川島ケイジは2016年8月31日にユニバーサルミュージックよりミニアルバム『KEIJI』でメジャー・デビューした。〈類い稀なる声、魂から生まれる歌唱、抜群の存在感を兼ね備えたアーティスト〉として鳴り物入りのデビューだった。
しかしながら、今のご時勢は、だからと言って、昔みたいにすぐさまヒット曲が生まれてブレイクするというわけにはいかない。鳴り物入りでデビューしたアーティストでもそのほとんどが「こんなにいいアーティストなのになんでもっと売れないのか?」という嘆きの対象になってしまう。
川島ケイジとて例外ではない。そして自然とフェイドアウトしてしまう。
川島は? と思っていたら、川島はどっこいたくましく生きていた。なぜか? 彼はデビュー前からライブをベースにして地道な活動を続けているからだ。
最近はCDをリリースしたからと言って、テレビ、ラジオであおってもなかなか浮動票はつかめない。やはり、ひとつずつライブをこなして固定ファンをつかんでいくしかないのである。
そのためには、歌だけではなく、おしゃべりでキャラクターを打ち出してお客さんに気に入られてハートをつかむしかない。それができるか、できないか? で、鳴り物入りでデビューしたアーティストの〈NEXT〉は決まってしまうのだ。
「川島ケイジの“歌の表情”が豊かになった!」
鳴り物入りでデビューした川島ケイジはメジャー・デビューしてからも着実にライブを積み重ねている。その結果が、ブルースアレイを1日2回公演で満員にしてしまうということだ。
正直に言って、会場に入った瞬間に熱気を感じた。この熱気は本物だった。みんなが今や遅しと川島の登場を待っているということを肌で感じた。つまり、ここに来ているお客さんは義理で駆けつけた人ではなく、川島が自分の魅力でつかみ取った本物の固定ファンだということだ。
「『ショコラ』〜『接吻』〜『君をのせて』のメドレーが圧巻だった!」
ライブの内容も前に見たときよりもさらに充実していた。特に“歌の表情”が豊かになっていたことは特筆される。

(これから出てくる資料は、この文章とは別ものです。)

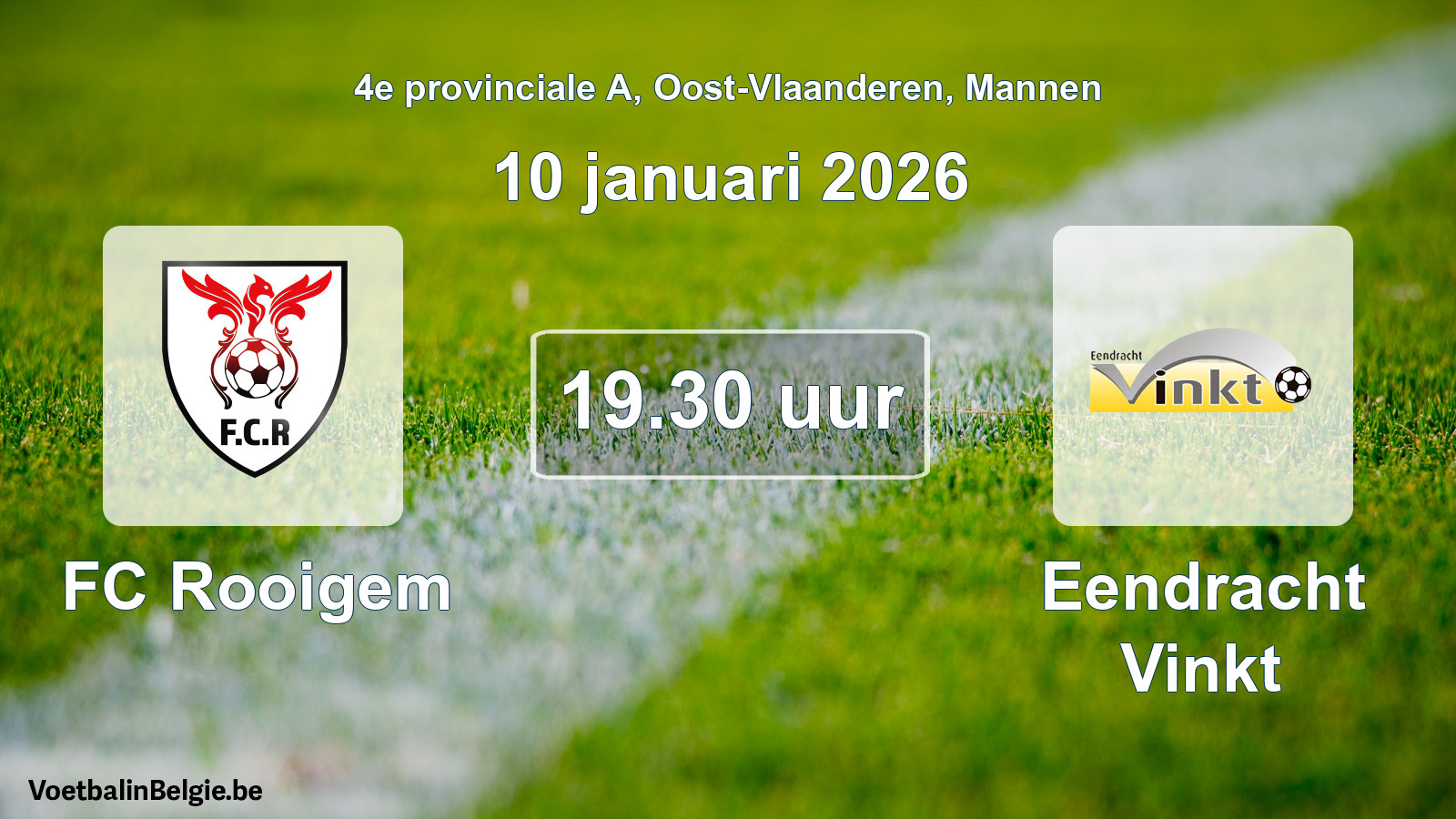 Scheduled match men football: FC Rooigem - Eendracht Vinkt (10 January 2026)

川島は元々ロックシンガーなので、歌がどうしてもはハードにソリッドになってしまいがちだ。もちろんこれはこれでいいのだが、しかし、これではたくさんの人々のハートをつかむというポピュラリティーに欠けてしまう。ハードでソリッドではなくて、ソフトでジェントルな“大人の雰囲気”がないと、やはり大人のファンを獲ることはできない。

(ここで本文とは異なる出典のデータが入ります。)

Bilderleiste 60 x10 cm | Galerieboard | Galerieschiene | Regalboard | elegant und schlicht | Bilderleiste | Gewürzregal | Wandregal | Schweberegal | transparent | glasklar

それが川島の課題だったが、このライブではその課題を克服しつつあるようだ。それが〈歌の表情が豊か〉だった、と私は思う。
オリジナル曲、カバー曲など新旧取りまぜて13曲程歌ったが、出色のできだったのは〈「ショコラ」〜「接吻」〜「君をのせて」〉のメドレーだった。特にオリジナル・ラブの「接吻」、沢田研二の「君をのせて」のカバーは群を抜いていた。これぞ〈演歌・歌謡曲〉でもない。〈Jポップ〉でもない。良質な“大人の音楽”〈Age Free Music〉である。

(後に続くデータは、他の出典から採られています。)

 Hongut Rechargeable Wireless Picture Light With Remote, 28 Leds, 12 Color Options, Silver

言ってみれば、AORというかシティポップスというか、これが川島ケイジがめざすべき〈オンリーワンの世界〉ではないだろうか? そんなことを考えると、日本の〈シティポップス〉のパイオニア・南佳孝と組んで新曲をコラボレーションしてみたらどうだろうか? 松井五郎作詞、南佳孝作曲、川島ケイジ歌、私がプロデューサーだったらこのプロジェクトで勝負を賭けようと思う。時は今! である。